Spring 2010

Please read carefully.

This course is for undergraduates to learn basic concepts and techniques in algorithms and complexity.

Lectures. Tuesday and Thursday, 11-12:15, ITE 127.

Instructor: Yufeng Wu (ywu@engr.uconn.edu), ITE 235. Office hour: Tuesday and Thursday, 9:30-11:00.

Grader: Hang He.

Prerequisites. CSE 2100 (Data structure and intro. to algorithms) and CSE 2500 (Introduction to discrete systems).

Some topics need some basic knowledge of probabilities.

Textbook: The required textbook is: Introduction to Algorithms (2nd edition) by T. Cormen, C. Leiserson,

R. Rivest, and C. Stein, 2002. Most of the lectures are based on this book, although of course we can not

cover every chapter.

Outline. This course is lecture-based. The planned subjects are the following (subject to change).

1) Fundamental concepts of algorithms. Asymptotic order of growth. Basic running time analysis. Divide and conquer.

Basic probabilistic analysis. Different kinds of sorting. Binary search tree and red-black trees.

2) Basic algorithm techniques.

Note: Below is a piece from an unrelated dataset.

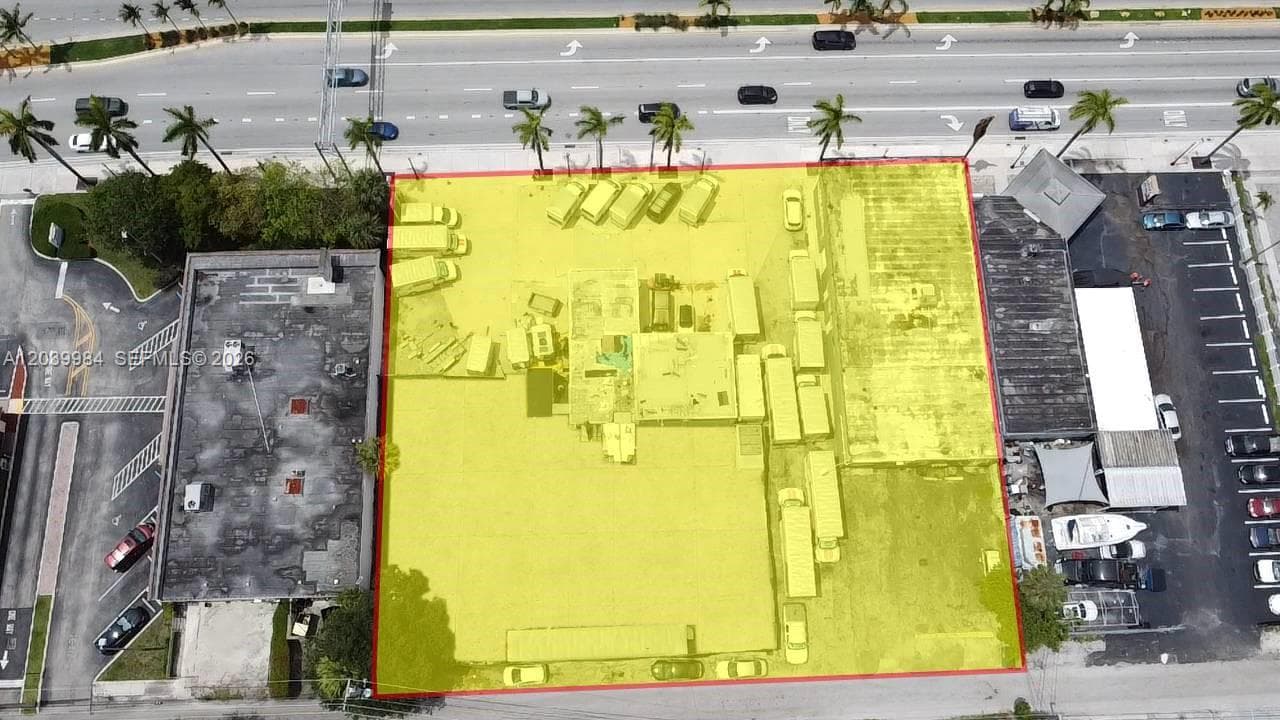 2828 Hollywood Blvd, Hollywood, FL 33020 photo 5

Dynamic programming. Greedy algorithms. Algorithms for graphs: basic algorithms,

minimum spanning tree and shortest path.

3) Advanced algorithms and complexity. Stable matching problem. String matching algorithms. NP-completeness.

Introduction to approximation algorithms.

Homeworks. We will have homework every one to two weeks. Each homework will likely to contain three to four problems.

Work hard on them, although homeworks do not carry big weights in grading. This is the best way to prepare for exams.

Much of what you learn from this course comes from the homeworks.

Your solutions should be concise, correct and legible. Some of the problems may be challenging, depending on your

background. If you can not solve a problem, briefly explain where the difficulty is.

Note: you need to acknowledge any source of ideas other than the textbook. You must always write the solutions on your

own.

Exams. There are two midterm exams for this course and a final exam. Exams will be closed book.

We will have additional review sessions to help students prepare for the exams. Be there if you can.

Grading. Homeworks (20%), two mid-terms (20% each), and final (40%).